If you are reading this as a teacher, you might be interested in reflecting upon on your perceptions have changed over time. Education is fast paced, high stakes and if we are totally honest, susceptible to fads. Even if you haven’t been teaching for that long, you’ll be able to notice the aspects of the role that you love and those that you tolerate. You may have had an idea presented to you in inset to which your initial reaction will be ‘nope’ or picked up something recently that you hadn’t considered before which has turned out to be a total game changer.


If you are reading this as a leader (at any level), you will need to consider the way in which you use anecdotal data.

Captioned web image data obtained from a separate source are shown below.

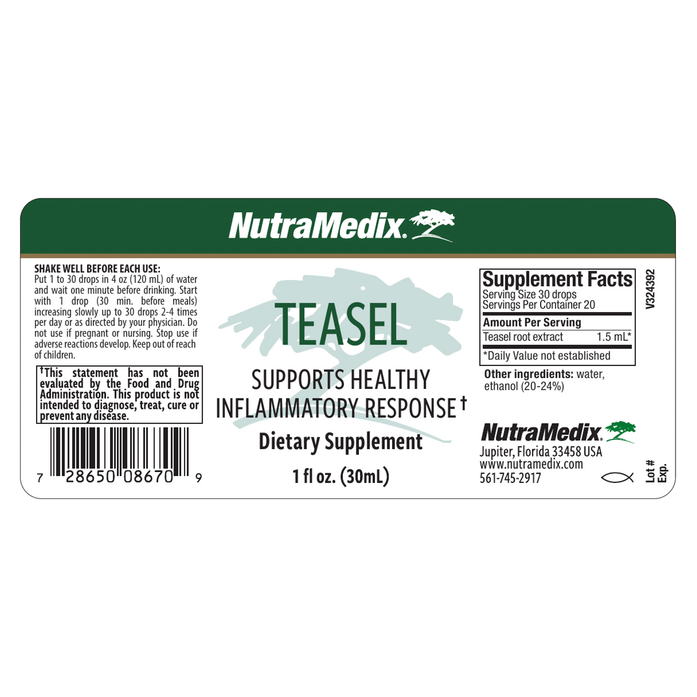 Teasel (30 ml)
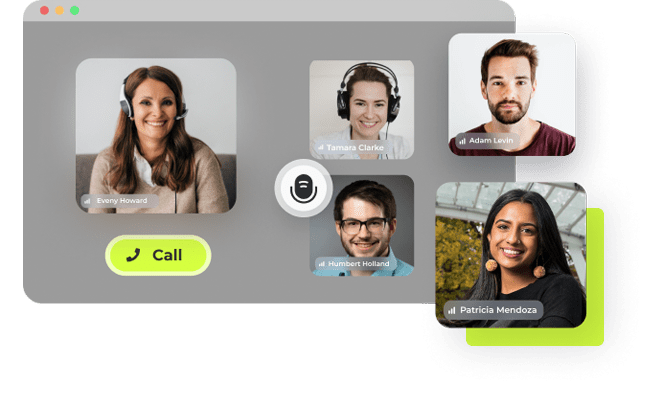 call center image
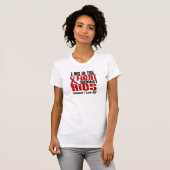 T-shirt Dans le combat contre le SIDA (Devant entier)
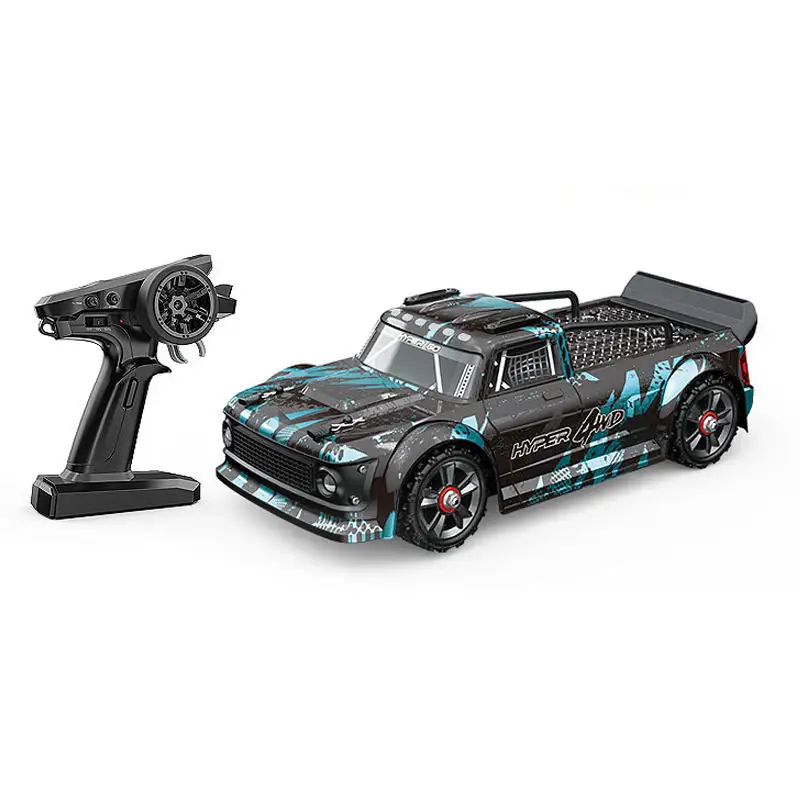 MJX Hyper Go 14301 2.4G 1/14 Rallye Camion Truggy Buggy Drift Racing Alliage Métal Brushless Haute Vitesse Télécommande RC Modèle De Voiture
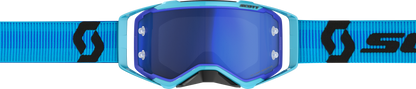 Prospect Goggle Blue/Black W/Blue Chrome Works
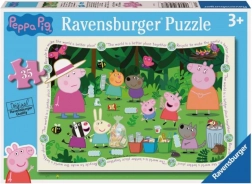 Puzzle 35 darabos Peppa Pig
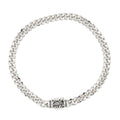 Miami Cuban Chain Bracelet in Sterling Silver - 5mm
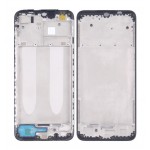 Lcd Frame Middle Chassis For Xiaomi Redmi 10a Black By - Maxbhi Com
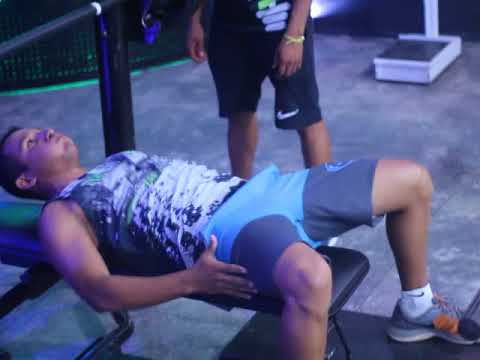 I CAMPEONATO DE SUPINO NOVA ACADEMIA Igor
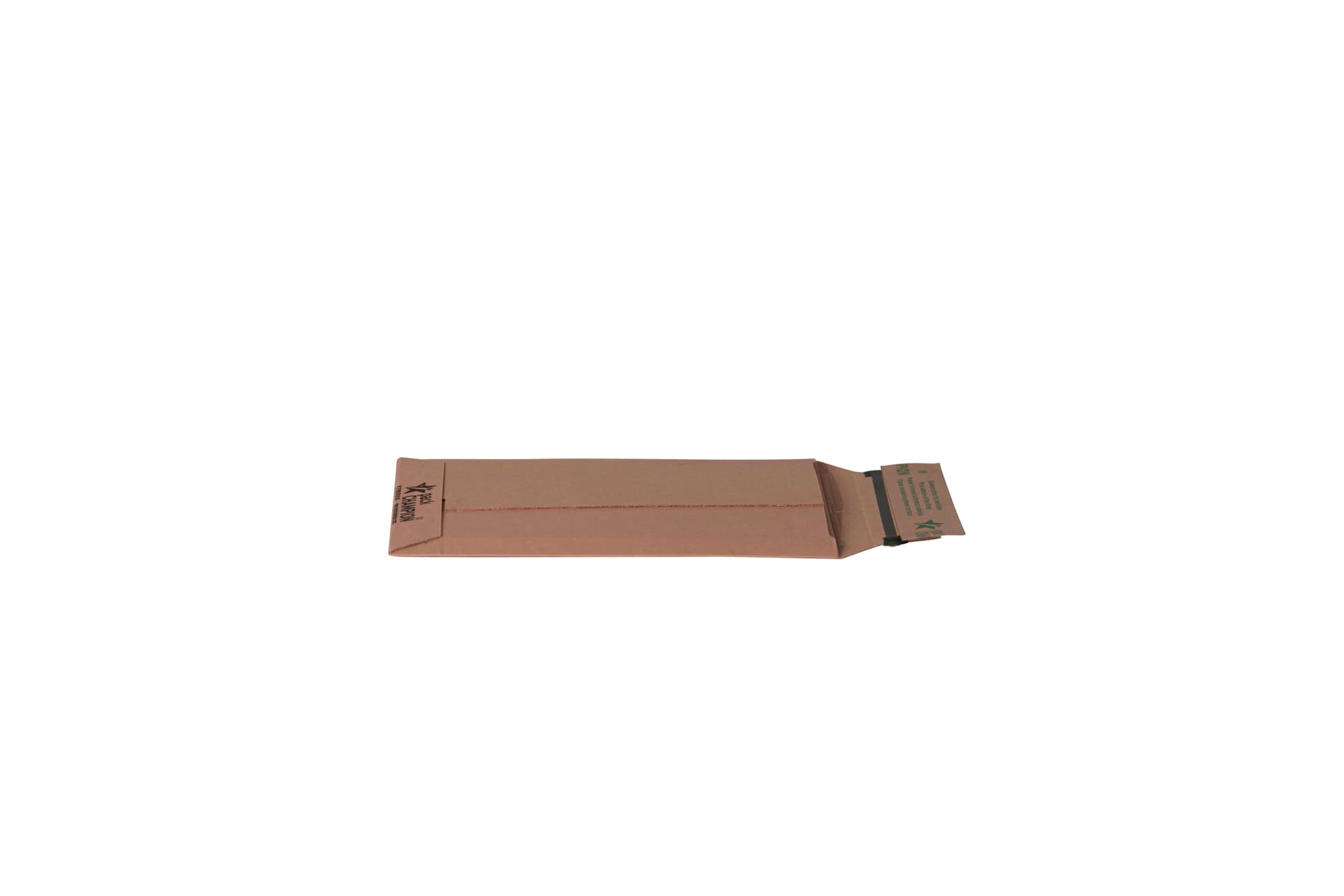 Versandtasche DIN A5 braun 167x240x30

We cannot build an effective, functioning, supportive school if we are weighting the views of some staff over others. Whose opinion do you give more weight to? Why is theirs? How much emphasis do you subconsciously put on how people communicate with you rather than what they are actually saying.


Regardless of our position in a school, using phrases like ‘staff think’ or ‘leaders all agree’ are loaded in that there is no way we all understand the same things in the same ways and draw the same conclusions. I’m not saying we can’t be a unified group, of course we can. However, we must own the fact that it isn’t possible for everyone to hold the same opinion, for the same reasons for a sustained amount of time. Within every group that collectively get behind something there are zealots, happy followers and those who had considered the options and found compliance to be the most tolerable solution.


This is fine. This is inevitable. This also means that no one person can express an opinion on behalf of everyone in the school. This means we have to be careful about how we communicate what is going on in our schools. What we can say is ‘we all do this’, but that is very different from ‘we all think it is brilliant’, which you can only say when you have hard evidence to back up this statement.


In conclusion, I think we all have a responsibility to acknowledge the limitations of our perceptions and do our best where possible to view all interactions at work from the perspectives of others. There isn’t a down side to inspecting how we have built our own perceptions and how we developed them. Also, its the longest, coldest, darkest term. If you really feel that something needs saying, maybe leave it until January!


 Reflective questions


  1. How often do you step back and reflect upon your own practice/school policies to reflect on how well they align with your values and if they are working?

  2. How do your current relationships with colleagues shape your perceptions of what’s happening in school?

  3. How do you actively and regularly seek out different perspectives?

  4. How confident are you in your own agency to change a situation you’re not happy with at work?

  5. How do you communicate your ideas?